El término vanguardia procede del vocabulario militar en el que hace referencia a los que van por delante del resto, abriendo e indicando el camino. Así pues, es un término con connotaciones de estrategia y, en este sentido y con este objetivo, empezó a emplearse con relación al mundo de la cultura desde el siglo XIX[1] y se generaliza a comienzos del siglo XX.
El uso de esta denominación con relación al arte, por consiguiente, implica una voluntad de reconocerle y adjudicarle una capacidad de anticipación, de apertura de nuevos caminos y de nuevas formas de experiencia artística. Concepción que, en cierta medida, deriva y estaría en consonancia con el ideal ilustrado del arte entendido como instrumento didáctico, como un lenguaje capaz de transmitir contenidos y provocar experiencias y conocimiento. La diferencia, no obstante, radicaría en que en este momento lo que se pretende transmitir o mostrar no está, en principio, en relación ni al servicio de ninguna idea o propósito externos a los intereses del propio arte, ni tan siquiera al servicio de ideales “a priori” o en abstracto.
Así pues, es este el sentido con el que se emplea la denominación de vanguardias para englobar los distintos movimientos, propuestas y actitudes artísticas innovadoras, que se desarrollan en Europa aproximadamente desde 1905 hasta la Segunda Guerra Mundial.
Ya más en concreto la denominación de vanguardias “históricas”, que es la más comúnmente empleada, implicaría su reconocimiento como fenómeno que se inserta en un contexto temporal marcando un hito y sirviendo de referencia respecto a la tradición anterior. También se les ha denominado, sin embargo, vanguardias “clásicas” entendiendo posiblemente que se han convertido en un tipo de modelo normativo –en una especie de canon– para cualquier propuesta rupturista posterior. Y, finalmente, en otras ocasiones reciben el calificativo de “heroicas” como forma de reconocer no sólo la novedad sino también las dificultades y los impedimentos con que hubieron de enfrentarse unas propuestas que eran contrarias a los gustos, demandas y expectativas de su época.
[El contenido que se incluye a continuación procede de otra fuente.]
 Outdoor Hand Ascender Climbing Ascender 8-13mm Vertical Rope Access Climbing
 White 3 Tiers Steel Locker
Y es que el fenómeno de las vanguardias no puede explicarse desde las mutaciones del gusto –como señala Mario de Micheli-. Es más, las vanguardias históricas -y probablemente cualquier tipo de vanguardia- no “barrieron” otras formas de arte, ni fueron en entendidas, ni contaron con la aceptación de una crítica y un público que, en su mayoría, efectuaban sus valoraciones desde preceptos académicos y desde convencionalismos del pasado, más en concreto, del siglo XIX.
Sin embargo, -y en contra de lo que sostiene M. de Micheli- las vanguardias son, en buena medida, consecuencia de algunos factores y de algunas mutaciones que se inician y se producen en el siglo XIX, es decir, no surgen de la nada ni son independientes o explicables sin ninguna referencia al siglo anterior.
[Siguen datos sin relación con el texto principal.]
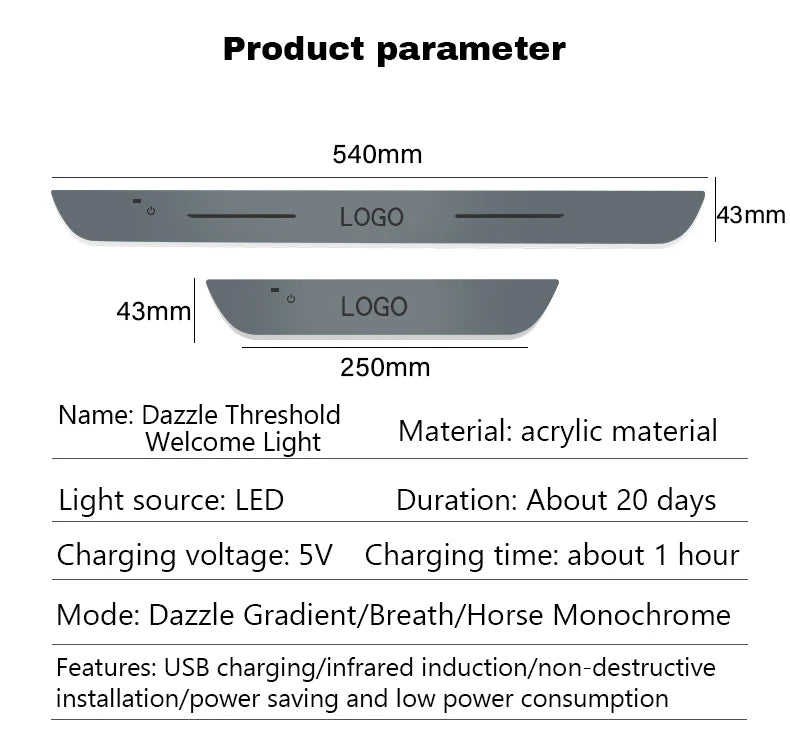 Customized For BYD Atto 3 EV yuan song han 2022 2023 Car Welcome Door illuminated Sill Light Logo Lamp LED Car Pedal Decoration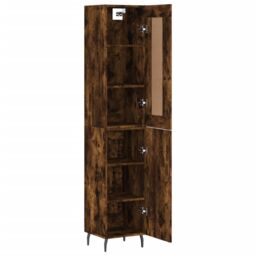 Berkfield Home Highboard Smoked Oak 34.5x34x180 cm Engineered Wood in Brown - thumbnail 4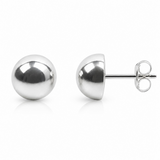 Ball Stud Half 8mm Sterling Silver Earrings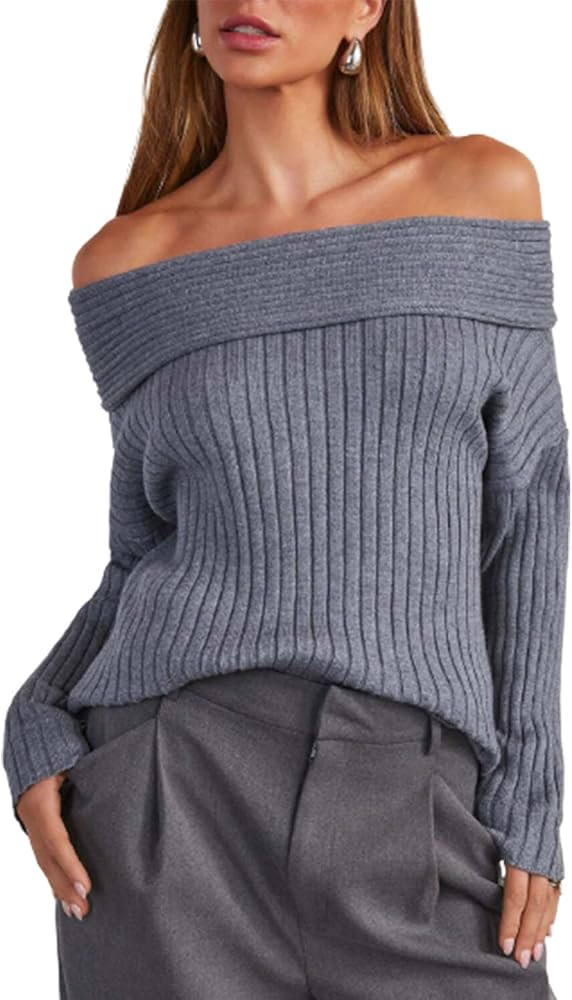 Womens Off The Shoulder Sexy Sweater Boat Neck Long Sleeve Slim Fit Cozy Plain Pullover Knitted T... | Amazon (US)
En este sentido el primer factor a tener en cuenta es la aparición de la fotografía, invento que hace su aparición pública en 1839 como uno de los resultados del espíritu de investigación y del afán experimentador que había impulsado la Ilustración y determinado la Revolución Industrial.
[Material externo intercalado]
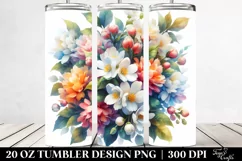 Vibrant Colorful Jasmine Bouquet | 20 Oz Tumbler Product Image 2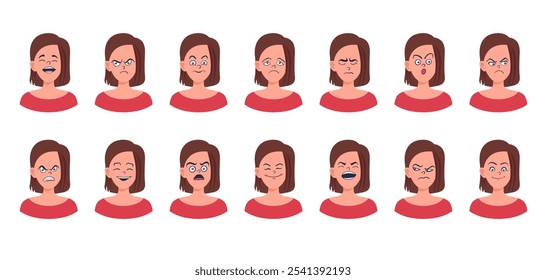 Portraits of woman. Girl Avatar. Happy, sad, angry, surprised, upset, proud faces of women. Female emotions. Facial expression. Happiness, fear, sadness, anger, surprise. Flat vector character.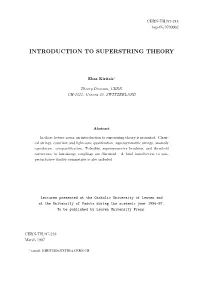Introduction to Superstring Theory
El rápido y constante perfeccionamiento técnico que alcanzó la fotografía contribuyó, por un lado a popularizar el invento y su uso pero, por otro, también contribuyó a agudizar el planteamiento de las cuestiones sintácticas, a provocar interrogantes sobre el valor de la imagen fotográfica y pictórica originando un intenso debate de enormes consecuencias especialmente para la pintura pero, a la larga, para toda forma de expresión plástica: ¿qué sentido tenía seguir representando la realidad exterior por medio de la pintura cuándo existía un medio técnico que conseguía este resultado de manera más rápida y más fielmente?, ¿Qué era lo específico del lenguaje pictórico?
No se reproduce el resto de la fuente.